Marcelo Miranda Loayza
El transporte sindicalizado en nuestro país se ha convertido en un peligro constante para la seguridad de los ciudadanos. Lejos de ser un servicio eficiente y seguro, representa una amenaza diaria para los usuarios y peatones. A pesar de los constantes accidentes y abusos, las autoridades parecen incapaces de regular eficazmente este sector, lo que deja en la indefensión a miles de personas que dependen de este medio de transporte.
Uno de los peores problemas es el estado del parque automotor. En nuestras calles circulan vehículos con más de 30 años de antigüedad que han superado, ampliamente, su vida útil. Muchos de éstos han sido «modificados» de manera artesanal, con adaptaciones que no cumplen con los estándares de seguridad necesarios.
El uso de gas licuado sin las medidas de seguridad adecuadas es otro factor de riesgo. La conversión de motores para funcionar con garrafas de cocina es una práctica común en el transporte público, lo que ha ocasionado múltiples explosiones e incendios. Aun así, no son tomadas medidas necesarias para frenar esta situación.
A la precariedad de los vehículos se suma la falta de un mantenimiento adecuado. Muchos de estos motorizados pasan las inspecciones técnicas sin cumplir con los requisitos mínimos de seguridad. Las «facilidades» que se les otorgan a los transportistas para evadir controles han convertido las fallas mecánicas en un problema recurrente.
No sólo los vehículos representan un peligro, también lo hacen quienes los conducen. Existen choferes con antecedentes penales, sin la experiencia suficiente o con un historial de infracciones alarmante.

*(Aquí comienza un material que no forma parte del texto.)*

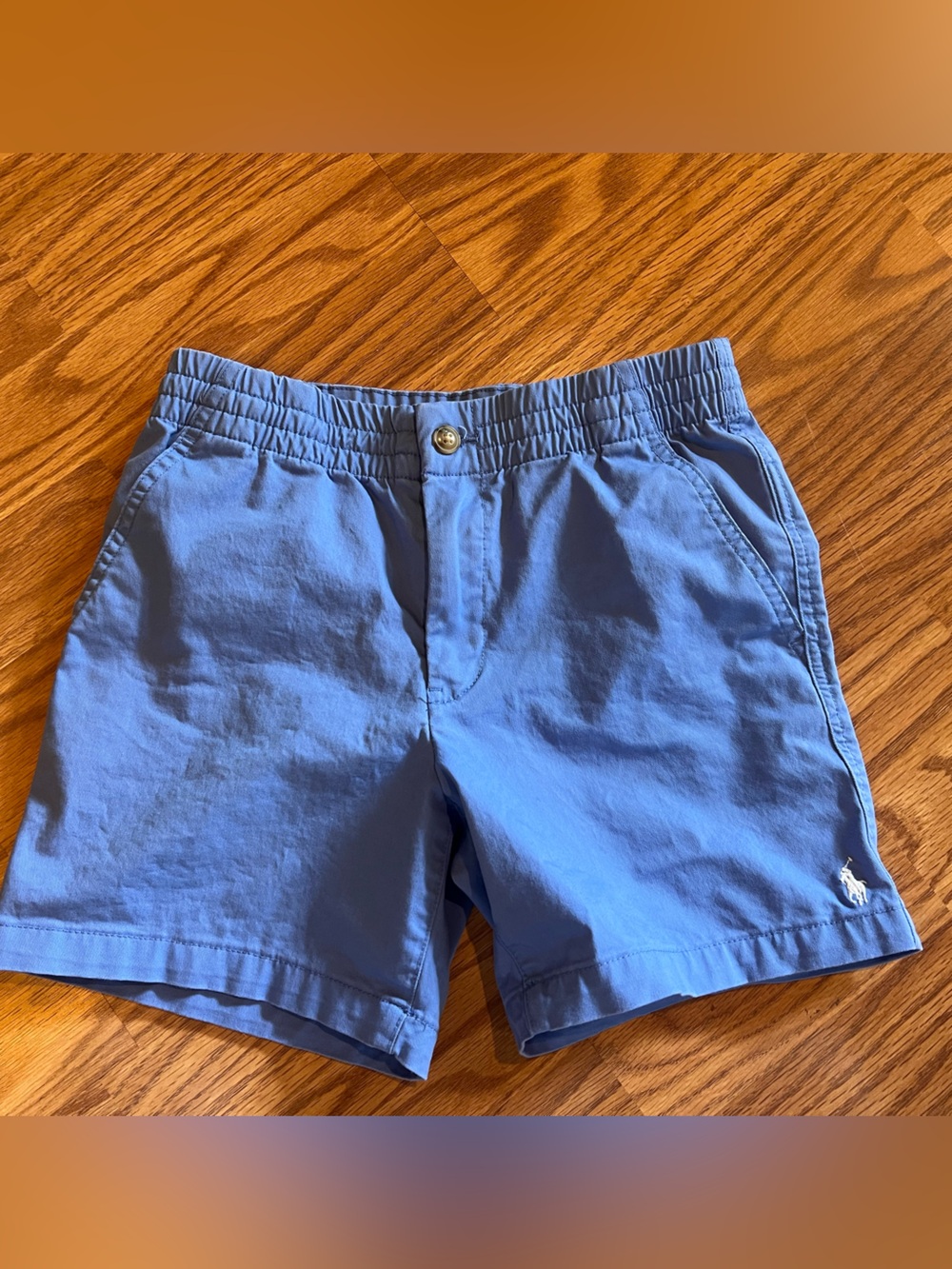 Polo by Ralph Lauren Light Blue Flat Front Elastic-Waist Shorts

Sin embargo, siguen manejando sin restricciones, poniendo en riesgo la vida de sus pasajeros y de los transeúntes.
Los accidentes relacionados con el transporte sindicalizado han dejado de ser noticia; se han vuelto una parte normal de nuestra realidad cotidiana. Peor aún, estos siniestros rara vez reciben una sanción ejemplar, ya que el sistema judicial parece favorecer la impunidad de los responsables.
La violencia y el maltrato por parte de los conductores son una queja constante de los usuarios. A pesar de ofrecer un servicio deficiente, los transportistas exigen incrementos en las tarifas cada año, bajo la promesa de mejorar el servicio, algo que nunca sucede.

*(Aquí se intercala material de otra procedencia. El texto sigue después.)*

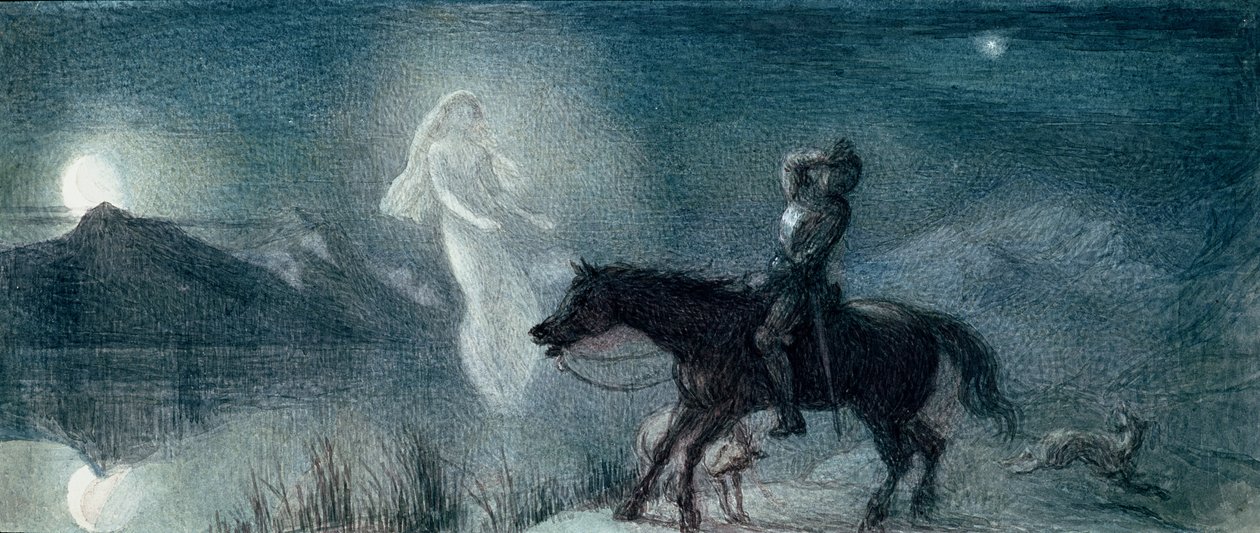 The Knight and the Spectre, opublicerad (akvarell på papper) av Richard Doyle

El poder de los sindicatos del transporte es otro obstáculo para cualquier intento de reforma. Cuando son planteadas regulaciones más estrictas, las protestas y bloqueos paralizan la ciudad, obligando a las autoridades a ceder ante sus demandas. Este chantaje ha permitido que la crisis del transporte persista sin soluciones reales.
Para acabar con esta crisis, es fundamental renovar el parque automotor. Todo vehículo con más de 10 años de servicio debería ser retirado de circulación. Esta medida, aunque drástica, garantizaría una mejora sustancial en la seguridad del transporte público.

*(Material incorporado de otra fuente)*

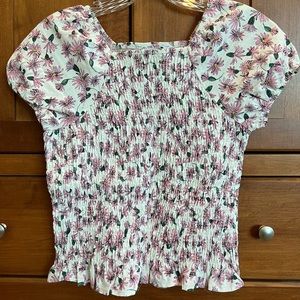 Zara Girls 10 Smocked Puff Sleeve Top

También es urgente establecer controles más rigurosos para la habilitación de conductores. Se debe exigir antecedentes limpios y una capacitación exhaustiva para quienes deseen trabajar en el transporte público. Un chofer irresponsable puede convertirse en un asesino al volante.
Otro aspecto clave es la aplicación de sanciones ejemplares. No puede seguir siendo normal que los responsables de accidentes mortales queden en libertad o reciban penas mínimas. La justicia debe actuar con firmeza para frenar la impunidad.
Es necesario que las autoridades dejen de ceder ante los chantajes de los sindicatos del transporte. Se debe gobernar pensando en el bienestar de la mayoría y no en los intereses de un grupo privilegiado que ha convertido el transporte público en su monopolio personal.
Si no son tomadas medidas urgentes, los accidentes seguirán cobrando vidas, el mal servicio persistirá y la impunidad continuará reinando. No podemos resignarnos a que el transporte sindicalizado siga siendo una amenaza constante.
En conclusión, el transporte sindicalizado en su estado actual es insostenible. La renovación del parque automotor, la regulación estricta de los conductores, la modernización del sistema y la aplicación de sanciones ejemplares son medidas urgentes. Sólo así podremos garantizar un transporte digno y seguro para todos.
El autor es teólogo, escritor y educador.